Bir toplumda yolsuzluk yaygınsa, yolsuzluğa karşı getirilen yasaların etkisiz kalması muhtemeldir. Bu, toplumsal ahlakın yasanın uygulanabilirliği üzerindeki doğrudan etkisini gösterir.  

Yasalar, ahlaki normlarla uyumlu olmadığında bireyler arasında meşruiyet kaybına uğrayabilir. Örneğin, bir otoriter rejimde uygulanan baskıcı yasalar, ahlaki temelden yoksun olduğunda, toplumda direnişe yol açabilir.  

Max Weber’in hukuki otorite anlayışına göre, yasalar yalnızca bir zorlayıcı güç olarak algılanırsa, toplumda uzun vadeli bir uyum sağlamakta zorlanır. Yasaların meşru kabul edilmesi için bireylerin:  

Yasaların adil olduğuna,  

Toplumsal düzeni sağladığına,  

Ahlaki değerlerle uyumlu olduğuna inanması gerekir.  

Eğer bu inanç kaybolursa, yasalar toplumda yalnızca baskı aracı olarak algılanır ve bireyler yasaların etrafından dolanmanın yollarını arar. Bu durum, toplumsal kaosa ve düzenin bozulmasına neden olabilir.  

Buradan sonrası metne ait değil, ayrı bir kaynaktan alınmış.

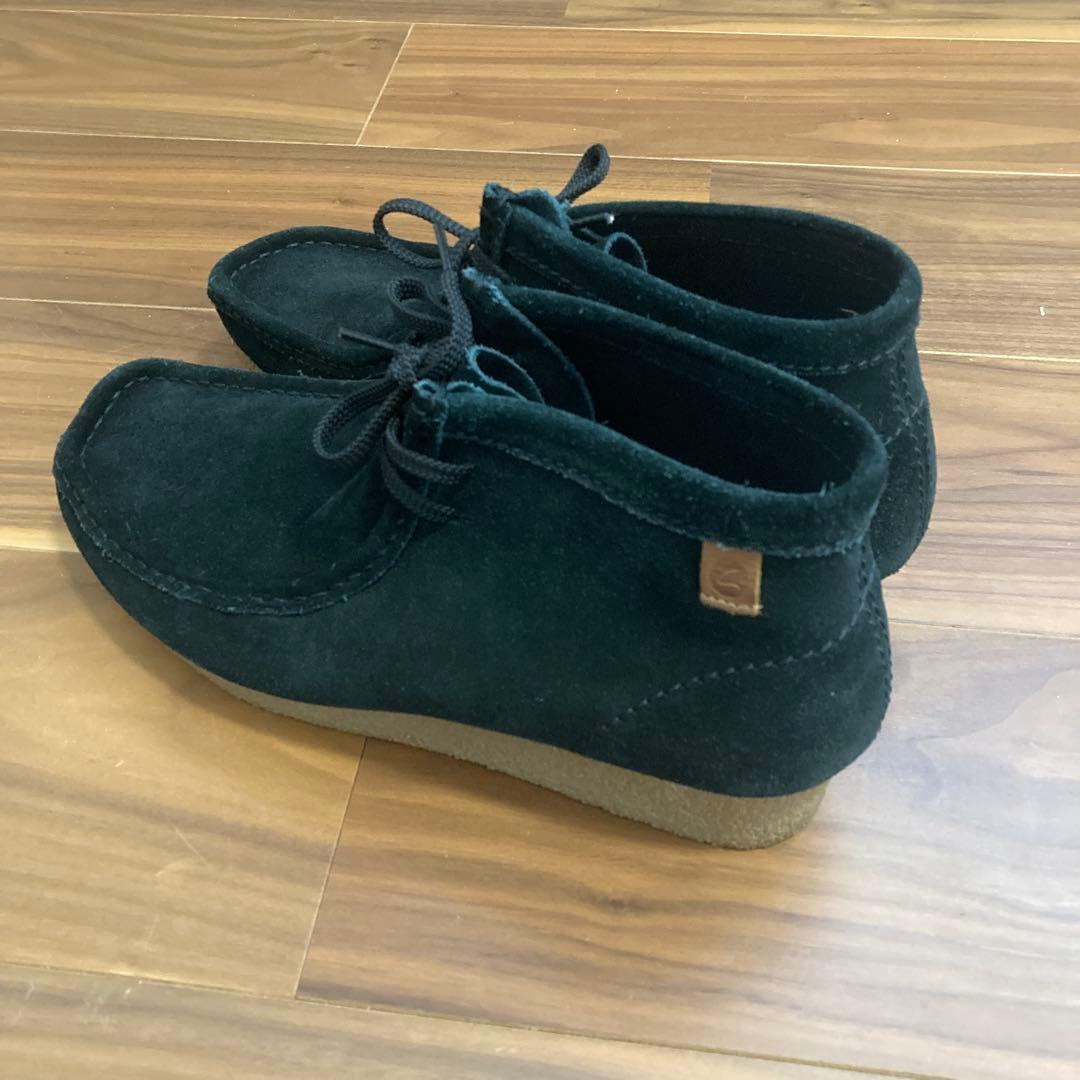 靴 clarks extreme comfort wallabee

Modern toplumlarda, sekülerleşme ve küreselleşme ile birlikte ahlak anlayışında farklılaşmalar yaşanmıştır. Geleneksel toplumlarda ahlak ve hukuk daha iç içeyken, modern toplumlarda bu iki yapı arasında bir ayrışma gözlemlenir. Ancak bu ayrışma, hukukun etkinliğini tehdit edebilir:  

Küreselleşen dünyada evrensel ahlak normlarının oluşması zorlaşmaktadır. Bu durum, uluslararası hukukun etkinliğini sınırlandırabilir.  

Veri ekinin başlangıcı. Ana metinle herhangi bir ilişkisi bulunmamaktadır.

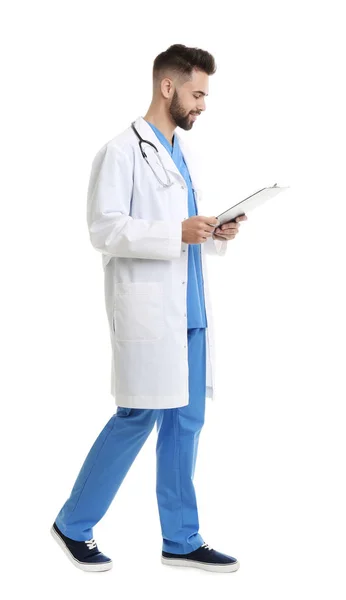 Jovem médico do sexo masculino em uniforme com área de transferência isolada em branco — Fotografia de Stock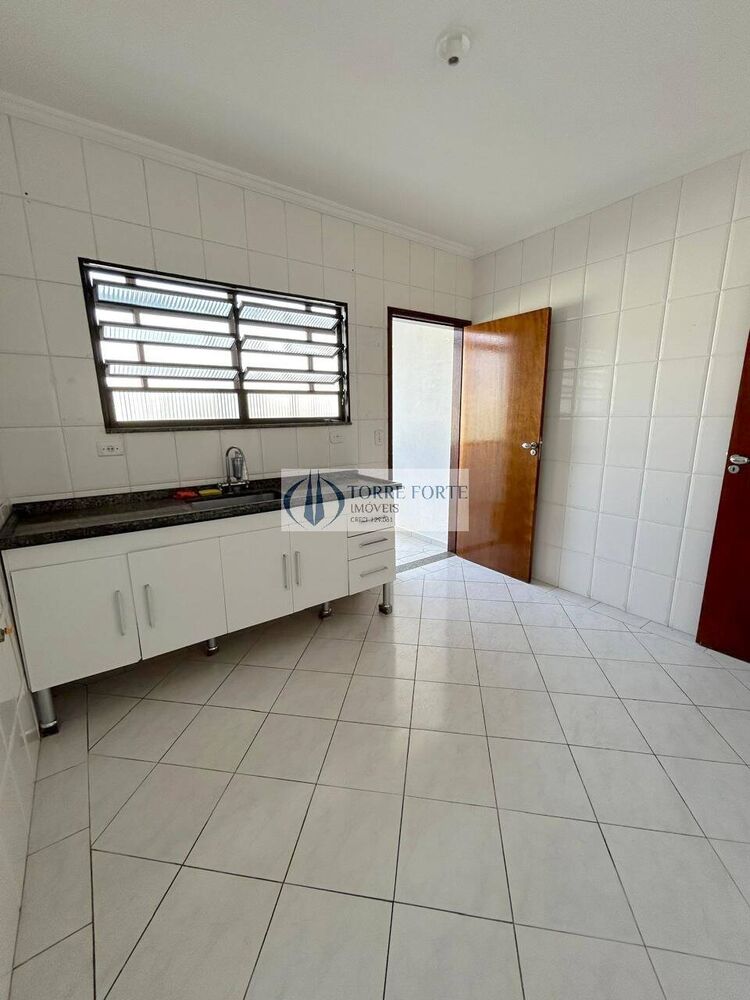 Casa para alugar com 2 quartos, 127m² - Foto 4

Modern bireyci toplumlarda, ortak ahlaki değerlerin azalması, yasaların bireyler tarafından sorgulanmasına yol açabilir. Örneğin, çevre yasalarının etkisiz kaldığı durumlar, toplumsal bilinç eksikliği ile ilişkilidir.  

Çözüm Önerileri

Ahlaki değerlerin bireylere küçük yaşlardan itibaren kazandırılması, yasaların toplumda daha kolay kabul görmesini sağlar.  

Yasaların hazırlanmasında toplumsal değerlerin dikkate alınması, yasal meşruiyeti artırır.  

Hukuk sisteminde şeffaflığın sağlanması, bireylerin yasaların ahlaki temellerine olan inancını artırır.  

“Leges sine moribus vanae” ifadesi, yasaların yalnızca yazılı metinlerden ibaret olmadığını, etkin olabilmesi için toplumsal ahlakla desteklenmesi gerektiğini vurgular. Ahlak ve hukuk arasındaki bu simbiyotik ilişki, toplumun düzeni ve bireylerin refahı için vazgeçilmezdir. Toplumda ahlaki değerlerin güçlendirilmesi, yasaların uygulanabilirliğini artırır ve daha adil bir düzenin kurulmasına katkı sağlar.